Rodolfo Linares, a member of the district’s board of education, gives full marks to Velasquez, who had only been at the district for 29 days when he told the board the good news.
“What a difference a superintendent makes,” Linares said.
San Ysidro has been rocked with scandal and mismanagement for years, with one former superintendent being sentenced to jail in a 2013 pay-to-play scandal. Another corruption investigation resulted in the resignation last year of a school board trustee.
During much of the last couple of years the district had an appointed financial overseer from the San Diego County Office of Education because of doubts about the district’s ability to pay its bills. Those doubts about the district’s finances resulted in what’s known as a negative certification. If the district ran out of money then the state would have taken over and given San Ysidro an emergency loan.
S&P had previously given San Ysidro a “BBB-” rating, which is considered just above a “junk bond” status. Moody’s “A1” rating is equivalent to an “A+” rating from S&P and represents “above average creditworthiness.”
Fitch Ratings, the third principal credit rating agency, gave San Ysidro’s general obligation bonds a “BB+” credit rating in May 2014. That’s considered a “junk bond” or speculative rating, meaning it’s likely a risky investment option for bond buyers. Fitch has not yet issued an updated evaluation for San Ysidro, although district staff has been working with the agency on a new rating.
Board President Antonio Martinez credited Velasquez, as well as the support from the board for the improved rating.

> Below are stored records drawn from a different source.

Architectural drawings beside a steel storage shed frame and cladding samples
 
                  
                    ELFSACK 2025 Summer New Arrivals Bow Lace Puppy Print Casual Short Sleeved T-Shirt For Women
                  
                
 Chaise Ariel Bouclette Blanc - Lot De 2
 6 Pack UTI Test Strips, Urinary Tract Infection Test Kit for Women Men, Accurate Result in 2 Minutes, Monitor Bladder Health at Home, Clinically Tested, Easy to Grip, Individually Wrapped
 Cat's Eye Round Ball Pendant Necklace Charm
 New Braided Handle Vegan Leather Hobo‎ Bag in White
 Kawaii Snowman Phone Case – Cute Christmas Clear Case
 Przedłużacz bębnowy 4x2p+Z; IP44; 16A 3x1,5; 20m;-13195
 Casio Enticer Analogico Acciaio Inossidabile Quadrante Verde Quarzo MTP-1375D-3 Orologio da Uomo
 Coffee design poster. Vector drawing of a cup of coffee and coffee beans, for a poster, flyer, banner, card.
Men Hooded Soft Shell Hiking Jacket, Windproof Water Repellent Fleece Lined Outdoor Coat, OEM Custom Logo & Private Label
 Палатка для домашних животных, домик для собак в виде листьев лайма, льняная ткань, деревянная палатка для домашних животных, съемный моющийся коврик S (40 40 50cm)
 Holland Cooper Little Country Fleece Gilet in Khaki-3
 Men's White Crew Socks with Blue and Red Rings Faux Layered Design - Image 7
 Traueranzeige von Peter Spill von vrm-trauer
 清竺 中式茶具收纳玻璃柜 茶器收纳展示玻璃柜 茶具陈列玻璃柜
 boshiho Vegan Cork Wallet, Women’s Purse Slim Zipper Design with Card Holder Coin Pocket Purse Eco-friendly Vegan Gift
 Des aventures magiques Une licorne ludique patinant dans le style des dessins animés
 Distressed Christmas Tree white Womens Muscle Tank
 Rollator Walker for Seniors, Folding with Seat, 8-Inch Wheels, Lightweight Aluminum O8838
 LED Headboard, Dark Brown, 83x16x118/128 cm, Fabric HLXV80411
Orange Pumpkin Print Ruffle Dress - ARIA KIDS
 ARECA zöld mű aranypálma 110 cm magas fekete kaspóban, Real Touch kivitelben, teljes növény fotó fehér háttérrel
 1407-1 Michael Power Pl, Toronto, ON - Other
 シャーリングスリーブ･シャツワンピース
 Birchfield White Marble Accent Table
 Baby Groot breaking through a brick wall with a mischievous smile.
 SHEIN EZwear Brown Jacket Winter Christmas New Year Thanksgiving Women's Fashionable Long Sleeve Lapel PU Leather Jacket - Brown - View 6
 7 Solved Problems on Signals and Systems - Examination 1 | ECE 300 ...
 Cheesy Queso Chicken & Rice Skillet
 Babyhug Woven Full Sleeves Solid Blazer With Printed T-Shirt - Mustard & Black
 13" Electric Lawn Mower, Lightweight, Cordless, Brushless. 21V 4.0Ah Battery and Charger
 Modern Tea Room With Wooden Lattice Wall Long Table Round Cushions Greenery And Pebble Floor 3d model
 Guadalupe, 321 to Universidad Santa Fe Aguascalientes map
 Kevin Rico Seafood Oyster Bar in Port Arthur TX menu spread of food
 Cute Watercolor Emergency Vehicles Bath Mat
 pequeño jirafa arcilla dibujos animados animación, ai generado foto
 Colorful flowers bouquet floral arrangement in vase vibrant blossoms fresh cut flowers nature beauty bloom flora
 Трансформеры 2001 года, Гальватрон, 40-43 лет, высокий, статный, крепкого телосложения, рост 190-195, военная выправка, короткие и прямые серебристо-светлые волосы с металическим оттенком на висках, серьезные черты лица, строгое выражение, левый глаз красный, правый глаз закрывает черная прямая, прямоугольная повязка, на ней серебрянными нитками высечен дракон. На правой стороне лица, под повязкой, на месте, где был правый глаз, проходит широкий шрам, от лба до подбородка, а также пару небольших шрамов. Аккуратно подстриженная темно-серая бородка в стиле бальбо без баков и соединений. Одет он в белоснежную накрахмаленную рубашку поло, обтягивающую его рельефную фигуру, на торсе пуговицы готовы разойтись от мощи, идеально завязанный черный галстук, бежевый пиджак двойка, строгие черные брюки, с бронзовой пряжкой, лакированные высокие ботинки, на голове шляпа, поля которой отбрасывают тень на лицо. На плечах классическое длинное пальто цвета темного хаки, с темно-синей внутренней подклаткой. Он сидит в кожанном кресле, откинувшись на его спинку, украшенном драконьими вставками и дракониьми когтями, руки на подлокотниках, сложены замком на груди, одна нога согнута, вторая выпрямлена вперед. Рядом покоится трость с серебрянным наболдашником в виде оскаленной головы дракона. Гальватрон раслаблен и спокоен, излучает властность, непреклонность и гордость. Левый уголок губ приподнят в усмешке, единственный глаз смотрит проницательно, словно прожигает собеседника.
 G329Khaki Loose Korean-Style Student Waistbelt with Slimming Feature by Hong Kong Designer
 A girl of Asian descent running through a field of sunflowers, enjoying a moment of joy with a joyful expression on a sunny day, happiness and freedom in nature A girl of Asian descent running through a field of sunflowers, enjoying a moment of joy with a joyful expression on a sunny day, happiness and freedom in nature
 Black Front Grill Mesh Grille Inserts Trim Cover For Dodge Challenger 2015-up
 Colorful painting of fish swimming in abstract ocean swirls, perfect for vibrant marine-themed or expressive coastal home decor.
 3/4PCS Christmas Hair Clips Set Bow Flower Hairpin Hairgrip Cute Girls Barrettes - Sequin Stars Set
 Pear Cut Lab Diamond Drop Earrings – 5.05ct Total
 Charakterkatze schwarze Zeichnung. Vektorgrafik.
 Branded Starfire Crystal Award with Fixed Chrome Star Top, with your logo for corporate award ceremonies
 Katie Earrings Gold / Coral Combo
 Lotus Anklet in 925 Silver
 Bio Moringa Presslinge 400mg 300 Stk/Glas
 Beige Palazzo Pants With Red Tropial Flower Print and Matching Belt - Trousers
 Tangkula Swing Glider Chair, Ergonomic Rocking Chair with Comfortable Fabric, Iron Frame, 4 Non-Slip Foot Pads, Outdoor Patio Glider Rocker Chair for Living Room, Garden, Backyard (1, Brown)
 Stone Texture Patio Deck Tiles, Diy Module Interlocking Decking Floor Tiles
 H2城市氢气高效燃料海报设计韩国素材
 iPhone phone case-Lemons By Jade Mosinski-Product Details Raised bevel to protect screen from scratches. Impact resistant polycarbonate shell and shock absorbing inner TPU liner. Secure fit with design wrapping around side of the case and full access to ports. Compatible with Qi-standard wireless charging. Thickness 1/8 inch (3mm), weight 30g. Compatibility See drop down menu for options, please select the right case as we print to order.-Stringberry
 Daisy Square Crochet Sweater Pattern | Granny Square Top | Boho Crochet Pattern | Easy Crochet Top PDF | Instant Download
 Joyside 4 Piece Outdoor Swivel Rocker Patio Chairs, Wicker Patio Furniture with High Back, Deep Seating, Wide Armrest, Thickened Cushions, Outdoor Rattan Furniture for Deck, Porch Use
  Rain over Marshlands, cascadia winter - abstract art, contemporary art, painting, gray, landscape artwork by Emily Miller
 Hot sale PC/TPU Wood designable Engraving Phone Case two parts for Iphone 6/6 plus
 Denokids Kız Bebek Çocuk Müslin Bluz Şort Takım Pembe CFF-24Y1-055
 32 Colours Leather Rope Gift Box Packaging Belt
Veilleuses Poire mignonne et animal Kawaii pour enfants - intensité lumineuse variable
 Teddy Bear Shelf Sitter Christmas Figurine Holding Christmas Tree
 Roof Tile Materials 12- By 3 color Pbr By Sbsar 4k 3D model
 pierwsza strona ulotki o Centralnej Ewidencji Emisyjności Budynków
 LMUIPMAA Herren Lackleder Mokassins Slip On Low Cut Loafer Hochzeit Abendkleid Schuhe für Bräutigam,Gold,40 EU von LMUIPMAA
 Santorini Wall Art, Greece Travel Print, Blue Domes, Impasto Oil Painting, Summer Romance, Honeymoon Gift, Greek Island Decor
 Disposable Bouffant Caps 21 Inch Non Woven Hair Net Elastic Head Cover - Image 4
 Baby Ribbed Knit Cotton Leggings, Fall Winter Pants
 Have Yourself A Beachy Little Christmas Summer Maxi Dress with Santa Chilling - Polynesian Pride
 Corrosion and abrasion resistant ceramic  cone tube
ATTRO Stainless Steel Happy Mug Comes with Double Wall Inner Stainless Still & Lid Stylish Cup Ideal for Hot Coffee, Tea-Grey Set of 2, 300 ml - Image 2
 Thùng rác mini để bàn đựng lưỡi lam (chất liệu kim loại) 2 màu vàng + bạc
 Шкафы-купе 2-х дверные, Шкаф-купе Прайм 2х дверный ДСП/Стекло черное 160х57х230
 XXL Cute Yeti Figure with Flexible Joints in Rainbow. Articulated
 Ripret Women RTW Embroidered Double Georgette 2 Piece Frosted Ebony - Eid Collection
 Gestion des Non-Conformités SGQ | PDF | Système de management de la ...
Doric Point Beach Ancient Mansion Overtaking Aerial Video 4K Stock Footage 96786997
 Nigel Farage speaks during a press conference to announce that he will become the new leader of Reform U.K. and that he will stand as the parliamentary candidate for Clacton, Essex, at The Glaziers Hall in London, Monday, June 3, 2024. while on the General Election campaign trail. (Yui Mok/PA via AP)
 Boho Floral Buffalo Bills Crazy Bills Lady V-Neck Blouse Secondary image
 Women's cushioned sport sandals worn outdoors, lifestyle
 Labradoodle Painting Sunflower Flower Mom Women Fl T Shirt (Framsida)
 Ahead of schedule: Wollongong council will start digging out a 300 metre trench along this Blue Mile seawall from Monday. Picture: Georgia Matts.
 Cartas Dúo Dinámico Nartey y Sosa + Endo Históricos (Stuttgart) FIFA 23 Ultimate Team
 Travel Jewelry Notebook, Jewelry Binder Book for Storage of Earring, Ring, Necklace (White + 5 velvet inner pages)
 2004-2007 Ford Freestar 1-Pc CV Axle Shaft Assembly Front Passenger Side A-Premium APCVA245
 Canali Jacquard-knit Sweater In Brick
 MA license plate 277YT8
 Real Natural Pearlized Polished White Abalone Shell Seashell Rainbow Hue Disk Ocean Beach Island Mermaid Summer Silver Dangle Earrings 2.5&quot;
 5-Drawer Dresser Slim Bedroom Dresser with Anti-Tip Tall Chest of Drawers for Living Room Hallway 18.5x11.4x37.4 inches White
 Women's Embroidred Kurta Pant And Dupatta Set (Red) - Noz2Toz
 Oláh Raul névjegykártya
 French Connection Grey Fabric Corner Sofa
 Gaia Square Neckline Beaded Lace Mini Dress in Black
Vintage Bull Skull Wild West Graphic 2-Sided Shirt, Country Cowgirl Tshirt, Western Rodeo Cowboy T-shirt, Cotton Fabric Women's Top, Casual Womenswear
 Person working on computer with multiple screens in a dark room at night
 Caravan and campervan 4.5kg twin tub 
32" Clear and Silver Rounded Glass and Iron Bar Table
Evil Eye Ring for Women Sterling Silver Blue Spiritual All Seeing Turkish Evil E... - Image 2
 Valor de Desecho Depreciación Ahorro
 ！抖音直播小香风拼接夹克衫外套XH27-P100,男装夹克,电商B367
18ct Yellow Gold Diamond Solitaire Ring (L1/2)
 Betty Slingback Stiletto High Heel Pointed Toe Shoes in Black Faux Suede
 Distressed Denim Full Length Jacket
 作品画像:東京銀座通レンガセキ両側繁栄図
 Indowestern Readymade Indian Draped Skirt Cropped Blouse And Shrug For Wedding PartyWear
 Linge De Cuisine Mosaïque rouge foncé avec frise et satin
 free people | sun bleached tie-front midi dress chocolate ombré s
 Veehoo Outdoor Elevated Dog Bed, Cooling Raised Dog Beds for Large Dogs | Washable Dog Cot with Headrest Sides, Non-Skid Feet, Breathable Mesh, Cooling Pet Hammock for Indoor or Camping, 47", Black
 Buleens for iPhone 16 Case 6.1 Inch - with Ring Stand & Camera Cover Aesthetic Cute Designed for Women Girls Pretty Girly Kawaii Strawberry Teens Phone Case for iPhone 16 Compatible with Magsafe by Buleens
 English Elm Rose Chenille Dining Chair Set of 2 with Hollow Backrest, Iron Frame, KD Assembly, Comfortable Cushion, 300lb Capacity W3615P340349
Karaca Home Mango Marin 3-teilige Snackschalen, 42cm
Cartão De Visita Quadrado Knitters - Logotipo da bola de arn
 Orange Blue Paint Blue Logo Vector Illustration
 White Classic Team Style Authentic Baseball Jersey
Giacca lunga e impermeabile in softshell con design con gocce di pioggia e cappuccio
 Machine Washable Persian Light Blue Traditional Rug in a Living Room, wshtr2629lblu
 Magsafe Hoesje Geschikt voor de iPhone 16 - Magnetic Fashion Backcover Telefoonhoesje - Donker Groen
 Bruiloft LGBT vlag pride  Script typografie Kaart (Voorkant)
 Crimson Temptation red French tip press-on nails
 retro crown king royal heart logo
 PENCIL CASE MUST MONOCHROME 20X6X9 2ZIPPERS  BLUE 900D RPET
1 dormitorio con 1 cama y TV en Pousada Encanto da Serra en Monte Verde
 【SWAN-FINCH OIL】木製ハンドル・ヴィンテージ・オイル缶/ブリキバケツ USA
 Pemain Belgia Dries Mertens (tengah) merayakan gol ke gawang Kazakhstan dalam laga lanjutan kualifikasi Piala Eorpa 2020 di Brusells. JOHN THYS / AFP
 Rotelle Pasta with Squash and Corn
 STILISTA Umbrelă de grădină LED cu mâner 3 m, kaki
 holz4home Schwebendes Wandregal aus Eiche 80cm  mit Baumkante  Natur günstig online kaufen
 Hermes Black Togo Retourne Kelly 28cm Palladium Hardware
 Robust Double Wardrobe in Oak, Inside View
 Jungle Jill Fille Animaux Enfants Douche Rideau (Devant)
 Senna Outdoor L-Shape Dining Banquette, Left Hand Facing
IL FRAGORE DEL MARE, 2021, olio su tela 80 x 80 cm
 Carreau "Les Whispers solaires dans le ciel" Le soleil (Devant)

“We’ve resolved two main lawsuits, we’re out of negative certification,” he said. “So I think when you look at everything combined it’s just a good, good story.”
Earlier this year the district settled a lawsuit with parents over the use of pesticides at Beyer Elementary. It also settled a lawsuit with a solar panel construction company over a breach of contract dispute.
The rating agencies seemed to agree with Martinez, at least in part. S&P cited the resolution of pending lawsuits among the reasons for the rating upgrade, as well as “good available reserves.”
Moody’s pointed to the district’s “sound financial position,” as well as a “new management team” for its bond rating.
San Ysidro has also moved out of negative certification, which the district received because the Office of Education believed the district didn’t have enough money to pay its bills. The district is currently under what’s known as a qualified certification, meaning the county is still not completely confident about the district’s finances.
“Now we can start focusing on what is most important, which is our academics, curriculum, instruction, making sure our staff gets the support they need,” Martinez said. “Those are the things a school district should be focused on.”
During the board meeting April 16, when Velasquez told the board about the new ratings, he said the district likely can refinance some of its outstanding bonds. That could save taxpayers in the district $50 to $70 million, he estimated.
An inewsource investigation in February found San Ysidro had issued about $75 million in capital appreciation bonds between 2005 and 2012. Those bonds carry a total debt of more than $480 million.
A 2011 capital appreciation bond with a payout ratio of almost $15 for every dollar borrowed was the second most expensive bond in the county and the eighth most expensive in the state.
Given the upgraded credit rating, Linares hopes the district can not only refinance bonds but pay some off early. Taxpayers, he said, could save as much as $300 million if they “start making payments now, not leave those payments to my grandchildren.”